▶ _ABOUT THIS EXERCISE_
Starting at the line that contains "Elegant Vintage Ginkgo" and stopping after the line that contains "Không chỉ xe", transcribe the listing below exactly; do not include any pictures.

▶ _MATERIAL PROVIDED_
•••••

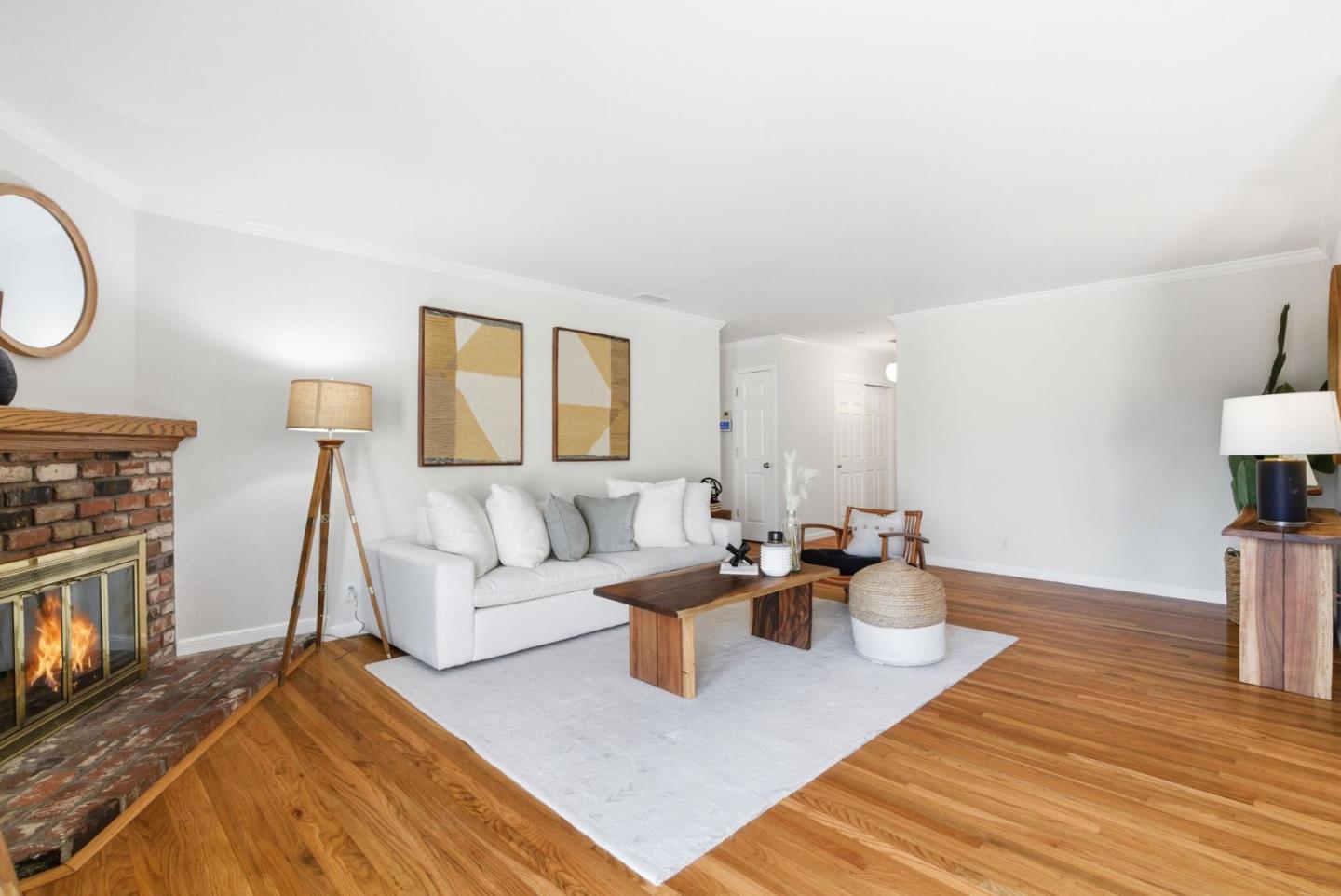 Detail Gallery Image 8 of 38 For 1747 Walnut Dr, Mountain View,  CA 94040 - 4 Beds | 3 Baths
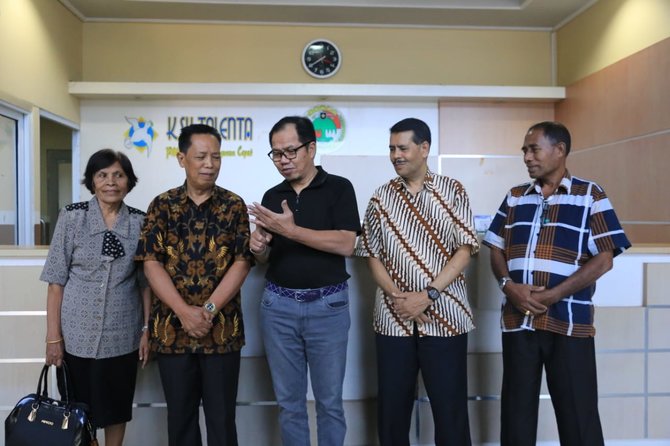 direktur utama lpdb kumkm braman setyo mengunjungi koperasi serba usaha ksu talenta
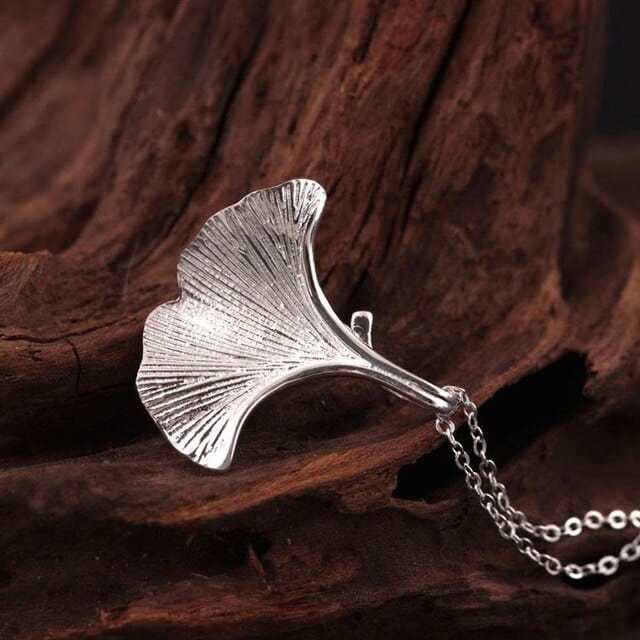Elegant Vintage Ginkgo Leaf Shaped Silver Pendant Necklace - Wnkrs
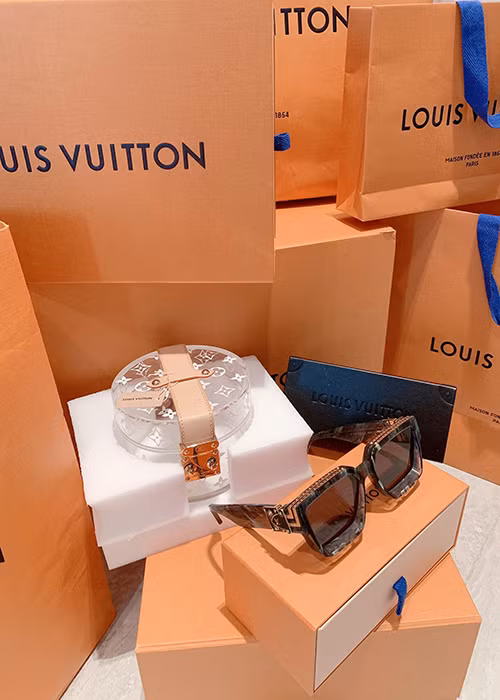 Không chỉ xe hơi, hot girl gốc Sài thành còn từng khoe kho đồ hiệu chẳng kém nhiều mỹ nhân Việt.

•••••

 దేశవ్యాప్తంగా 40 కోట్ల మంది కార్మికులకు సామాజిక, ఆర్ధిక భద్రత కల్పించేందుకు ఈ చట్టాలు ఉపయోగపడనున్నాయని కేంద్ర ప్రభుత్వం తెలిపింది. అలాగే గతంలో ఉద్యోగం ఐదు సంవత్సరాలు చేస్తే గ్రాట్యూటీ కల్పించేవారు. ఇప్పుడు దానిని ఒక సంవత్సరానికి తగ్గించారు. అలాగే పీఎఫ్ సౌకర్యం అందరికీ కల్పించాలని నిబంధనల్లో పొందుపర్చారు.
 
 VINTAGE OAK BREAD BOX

•••••

▶ _ANSWER TO THIS PROBLEM_
Elegant Vintage Ginkgo Leaf Shaped Silver Pendant Necklace - Wnkrs
 Không chỉ xe hơi, hot girl gốc Sài thành còn từng khoe kho đồ hiệu chẳng kém nhiều mỹ nhân Việt.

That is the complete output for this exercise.